Оля Елисеева поднялась из-за парты, одернула платье.
— Ты неделю не ходила в школу, — сказала Нина Георгиевна. — И вместо справки от врача принесла записку от родителей. Скажи, пожалуйста, как я должна к этому отнестись?
Елисеева пожала круглым плечом.
— Все остаются мыть полы и окна, а тебе нельзя руки мочить в холодной воде. Всем можно, а тебе нельзя.
— У меня хроническое воспаление легких, — сказала Елисеева с оттенком высокомерия. — Меня берегут.
— А знаешь, как воспитывали детей в Спарте? — поинтересовалась Нина Георгиевна.
— Знаю, — ответила Елисеева. — Слабых сбрасывали со скалы в пропасть.
Пример был неудачный. Получалось, что Елисееву тоже не мешало бы спихнуть в пропасть, чтобы не замусоривала человечество. Нина Георгиевна решила привести более современный пример.
— Между прочим, в Америке даже дети миллионеров во время летних каникул работают мойщиками, официантами, сами зарабатывают себе на хлеб. На Западе, между прочим, детей держат в ежовых рукавицах.
— А в Японии детям разрешают все! — обрадованно встрял умный Хонин. И японцы, тем не менее, самый воспитанный народ в мире.
Хонин был не только умный, но и образованный и постоянно обнаруживал свои знания, однако не нравился девчонкам, потому что его лицо было покрыто юношескими вулканическими прыщами.
— Что ты предлагаешь? — спросила Нина Георгиевна.
— Я? — удивился Хонин. — А что я могу предложить?
— Если бы ты был на моем месте, то какой метод воспитания ты бы выбрал?
— Как в цирке. Современная дрессировка.
Все засмеялись, кроме Нины Георгиевны.
— Метод кнута и пряника? — спросила Нина Георгиевна.
— Это устарелый метод, — ответил Хонин. — Современная дрессировка предлагает метод наблюдения. За животным долго наблюдают, выявляют то, что ему нравится, а потом развивают и поощряют именно то, что ему нравится. Минимум насилия над личностью.
Нина Георгиевна посмотрела на часы. Наблюдать, выявлять и поощрять было некогда.
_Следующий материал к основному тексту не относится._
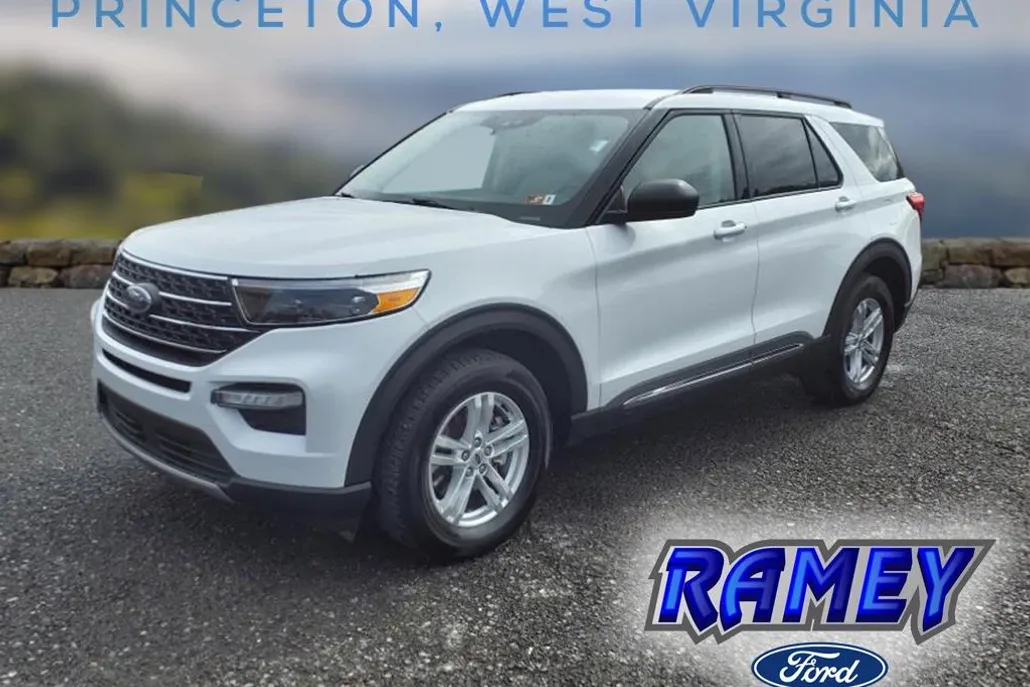 2023 Ford Explorer XLT photo 1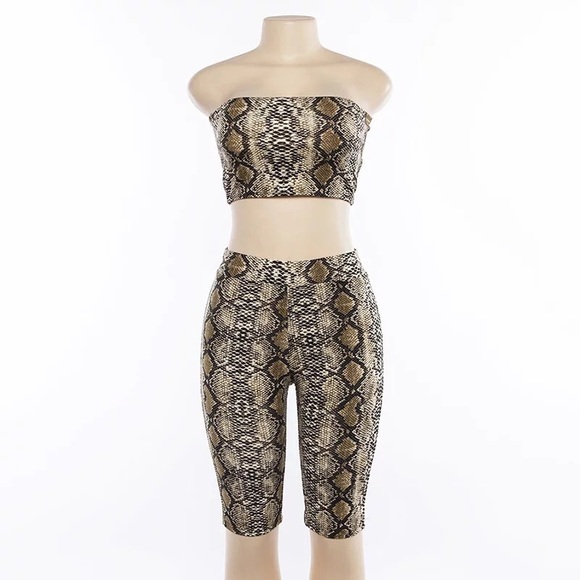 NEW! Snake Print Biker Shorts Bandeau Set - Picture 4 of 7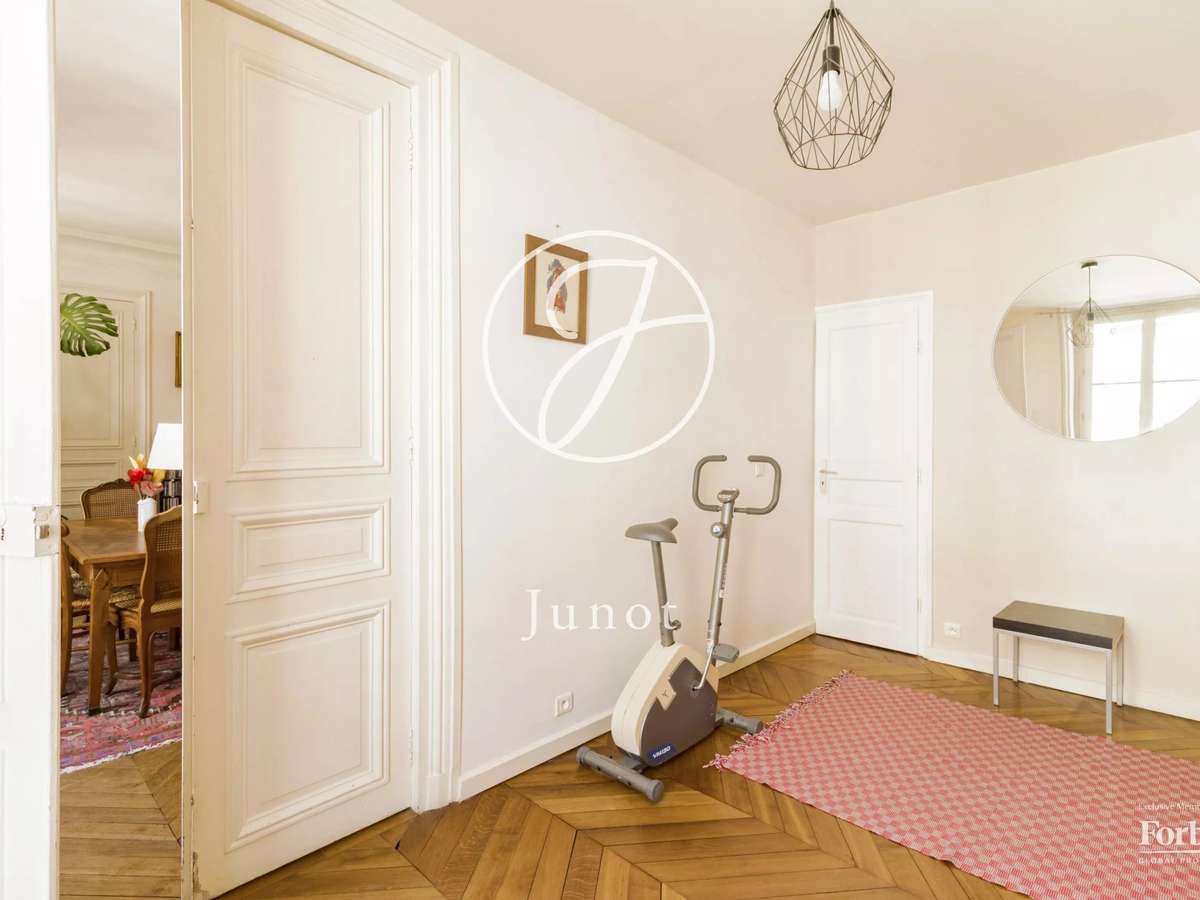 Apartment Paris 9e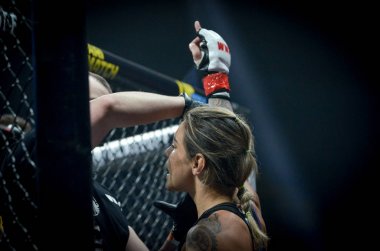 Kiev, Ukrayna - 02 Mart 2019: Edna Oliveira mma kız savaşçılar 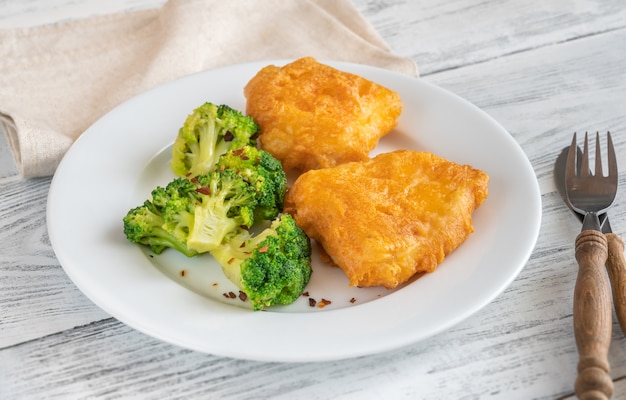 Pesce in pastella con broccoli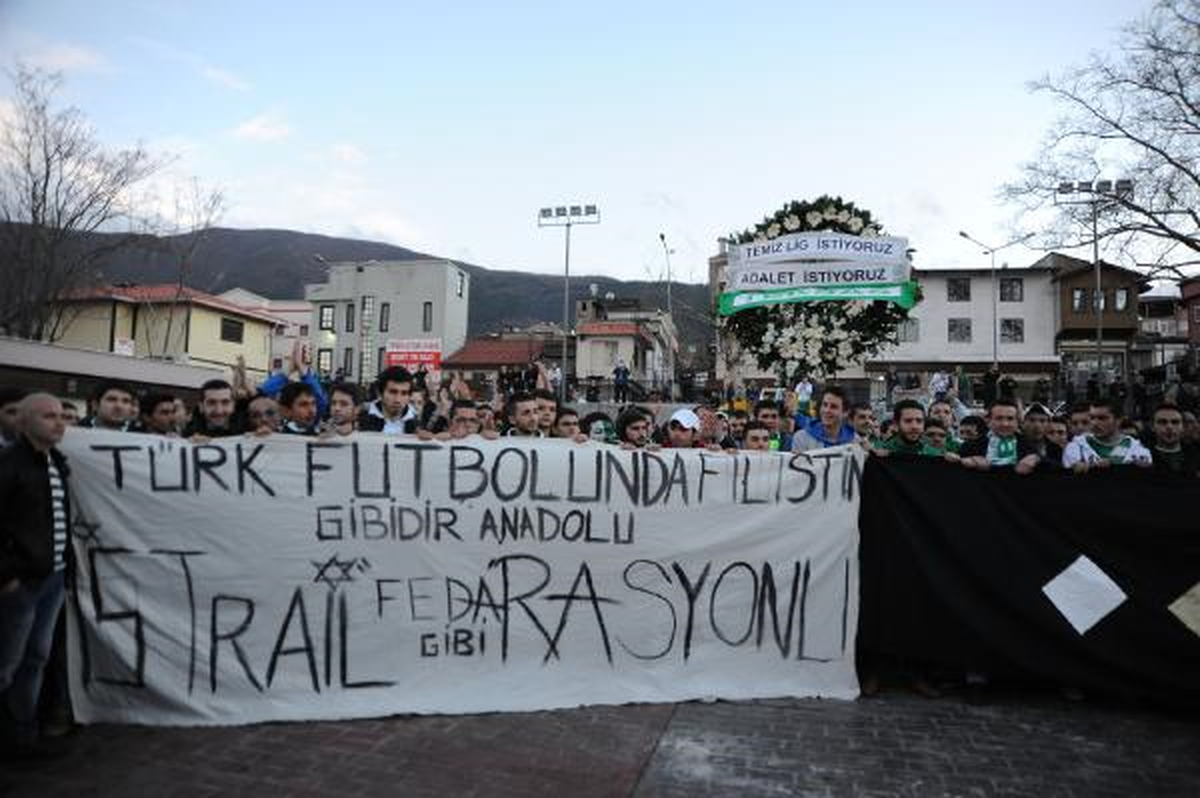 Bursaspor Taraftarları Tff Temsilciliğine Siyah Çelenk Bıraktı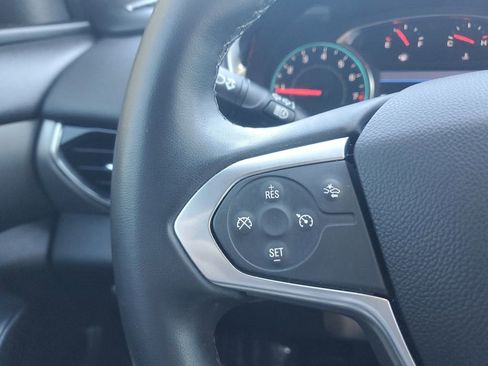 Used 2023 Chevrolet Traverse LT image 29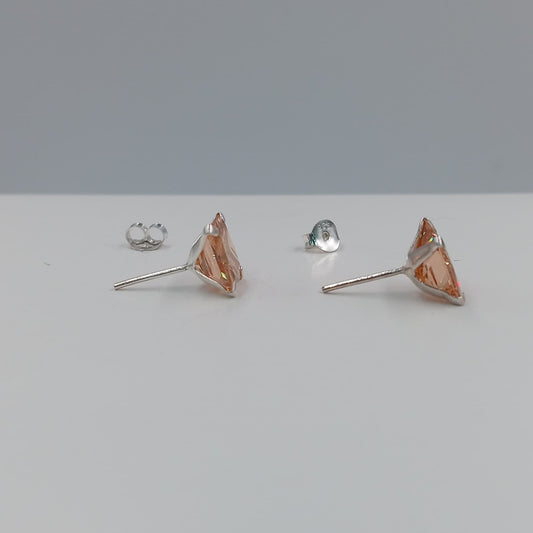 Aretes chispa cuadrada 8 mm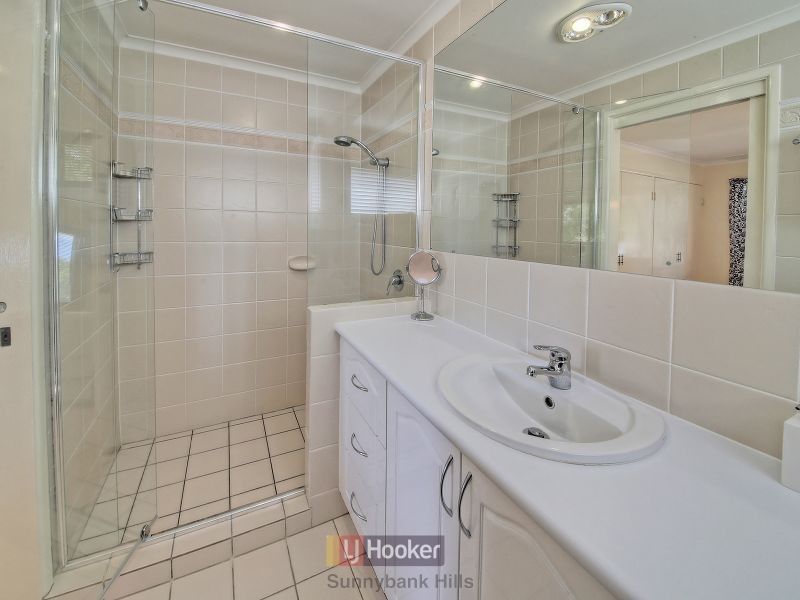 22 Firelight Street, Sunnybank Hills QLD 4109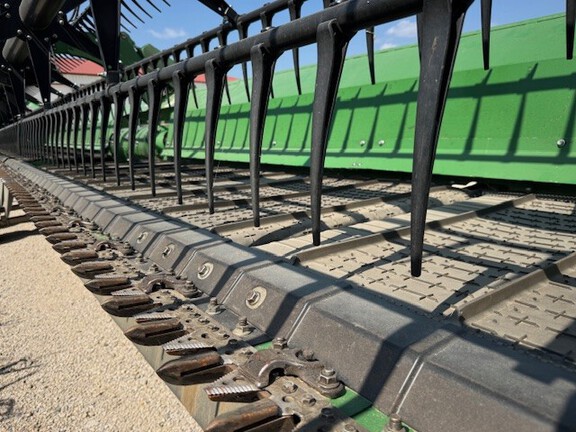 2023 John Deere RD40F Header Combine
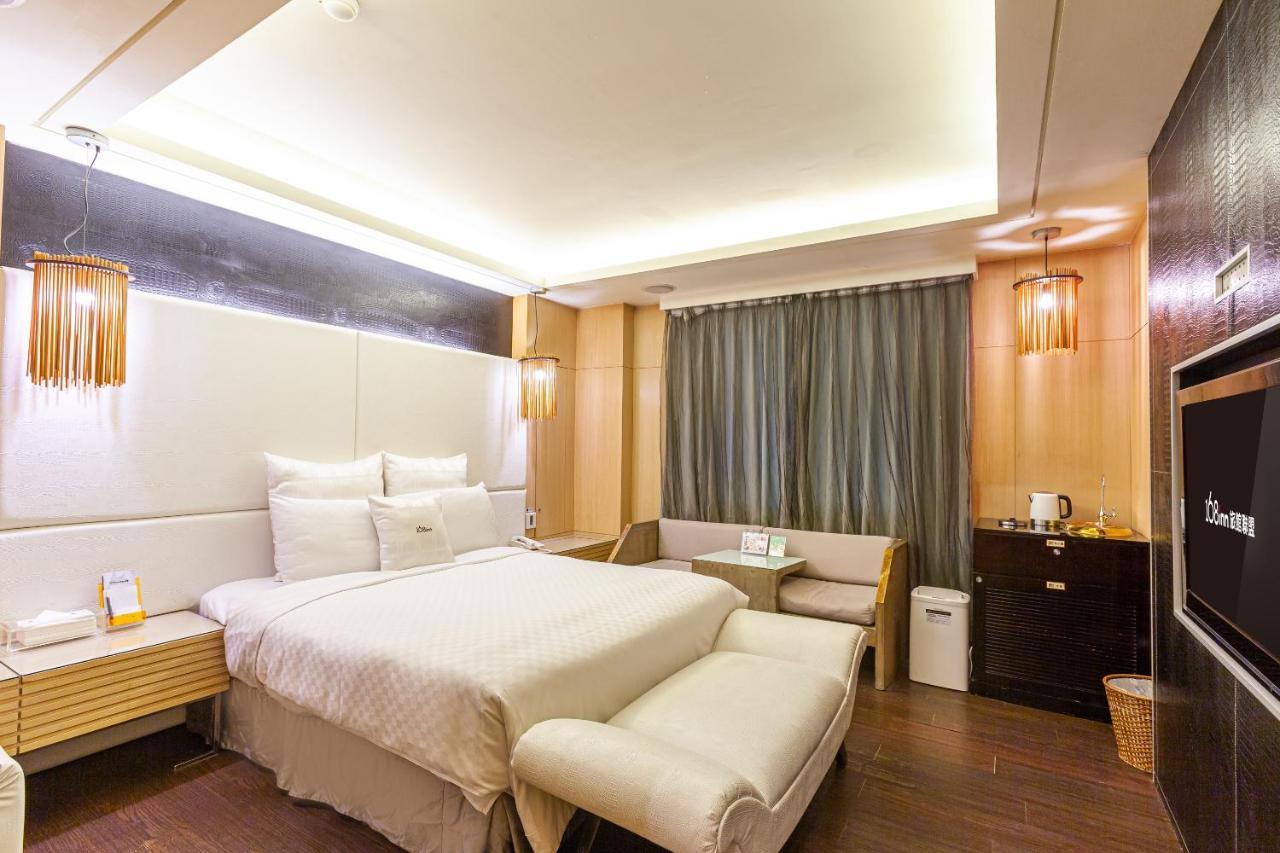 168 Motel-Pingzhen Таоуан Екстериор снимка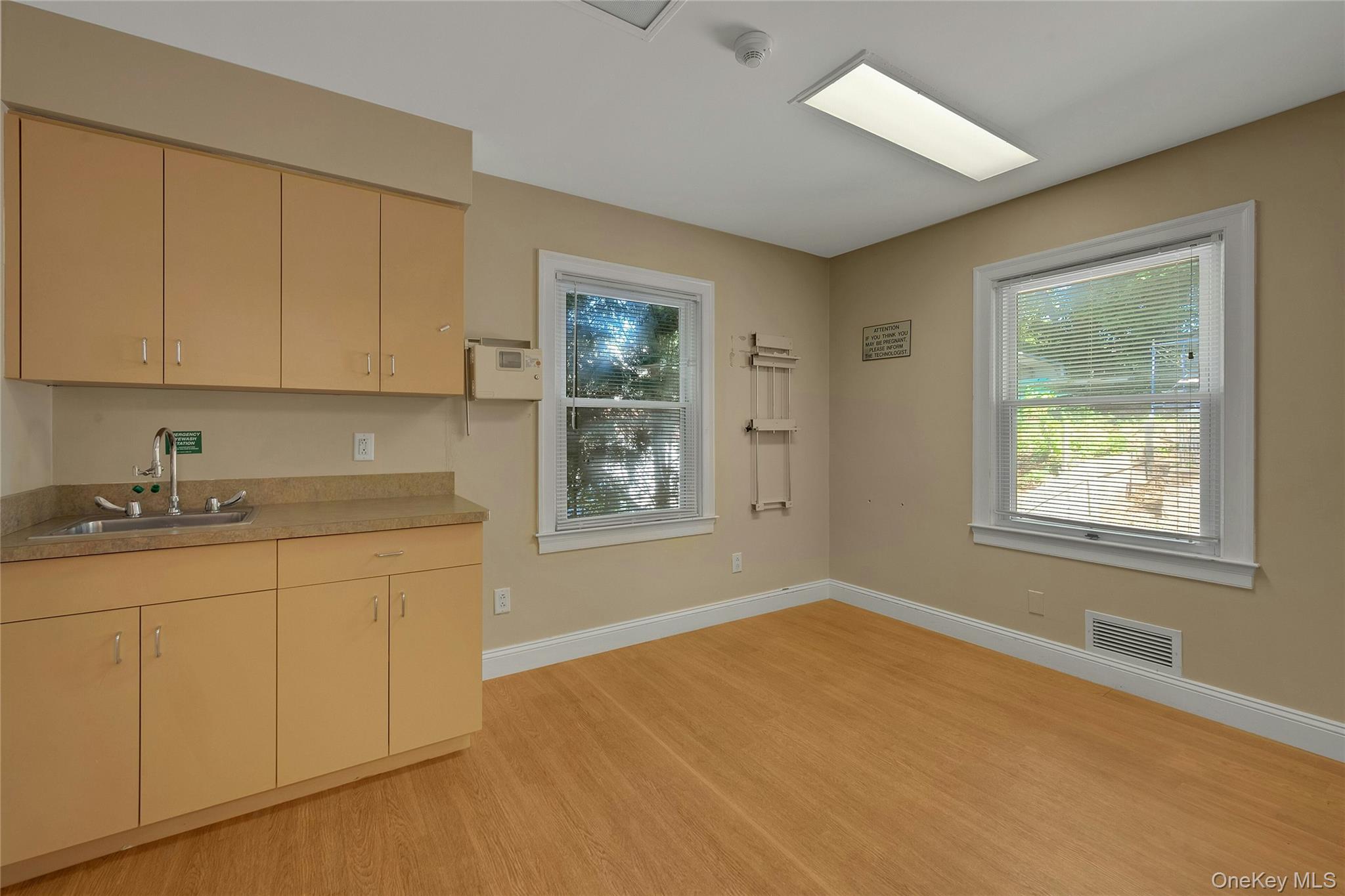 645 Marble Avenue, Thornwood, NY 10594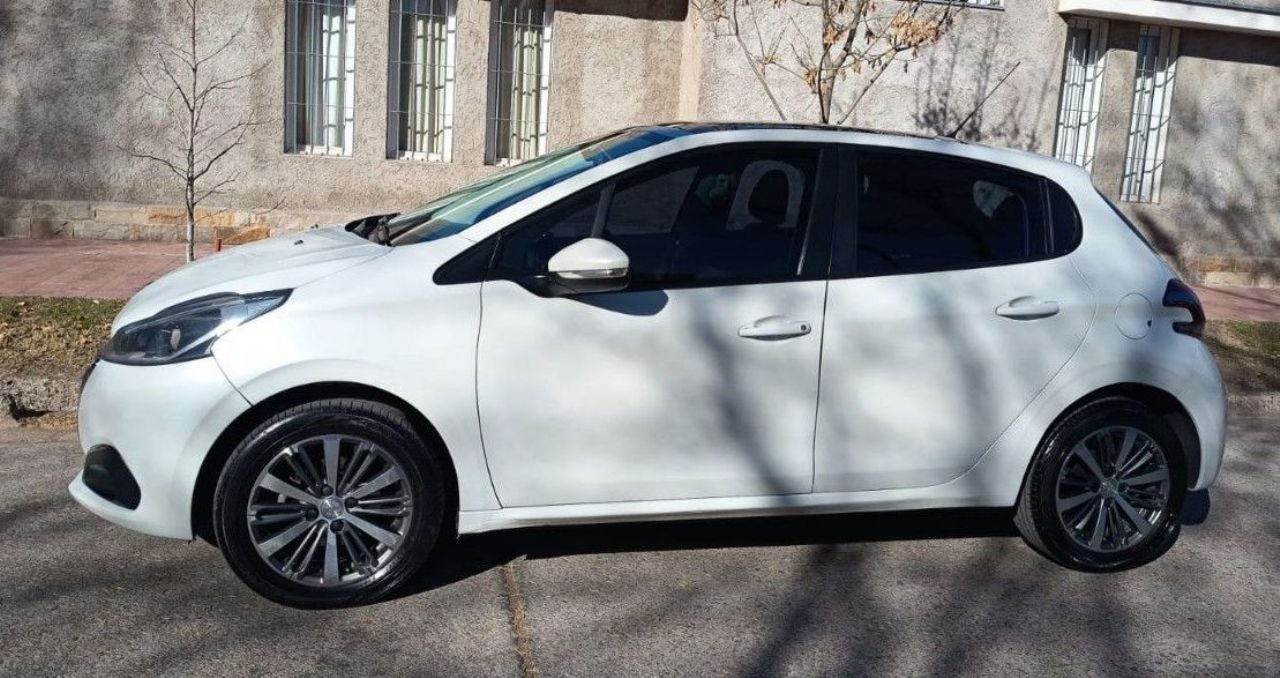 Peugeot 208 Usado en Mendoza, deRuedas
На Дюкина и Елисееву ушло двадцать минут, а впереди еще тридцать человек, и если тратить по десять минут на каждого, уйдет триста минут, а значит, пять часов. Этих пяти часов у Нины Георгиевны не было. Ей еще надо было забежать в магазин, купить продукты, потом поехать в больницу к своей маме, потом вернуться и взять из детского сада свою маленькую дочку. А вечером проверить тетради и сварить еду на завтра, потому что мама после операции и ей нельзя есть ничего позавчерашнего.
— Ну ладно, — сказала Нина Георгиевна. — Спарта, Япония, Америка, цирк… Чтобы к концу четверти все исправили двойки на тройки, тройки на четвертки, а четверки на пятерки. Иначе мне за вас попадет!
Она собрала тетради и пошла из класса.
Все вскочили со своих мест, стали с грохотом выдвигать из парт свои портфели. А Светлана Кияшко подошла к Дюку и сказала:
— Я в прошлом году дала Ленке Мареевой пластинку, последний диск Аббы, а она мне до сих пор не отдает.
Мареева раньше училась в их классе, а потом перешла в другую школу, с математическим уклоном. Как выяснилось, никакого особенного уклона у Мареевой не оказалось, просто ездить стало дальше. Дюк был убежден: если в человеке должно что-то выявиться, оно и так выявится. А если нет — никакая школа не поможет. Поэтому лучше сидеть на одном месте и ждать.
— Ну и что? — не понял Дюк.
— Давай сходим вместе, — предложила Кияшко. — Может быть, она отдаст?
— А я при чем? — удивился Дюк.
— Так ты же талисман.
— А-а… — вспомнил Дюк.
Он совсем забыл, что он талисман. Ему захотелось сказать: «Да я пошутил. Какой я, на фиг, талисман?» Но тогда Кияшко спросила бы: «А кто же ты?» И получилось бы — никто. Нуль. Пустое место. А кому хочется осознать себя пустым местом, тем более что это действительно очень может быть. Природа отдыхает. Если бы он бегал на дистанцию, как Булеев, или был умный, как Хонин. Или красивый, как Виталька Резников из десятого «Б». Если бы его что-то выделяло среди других — талант, ум, красота…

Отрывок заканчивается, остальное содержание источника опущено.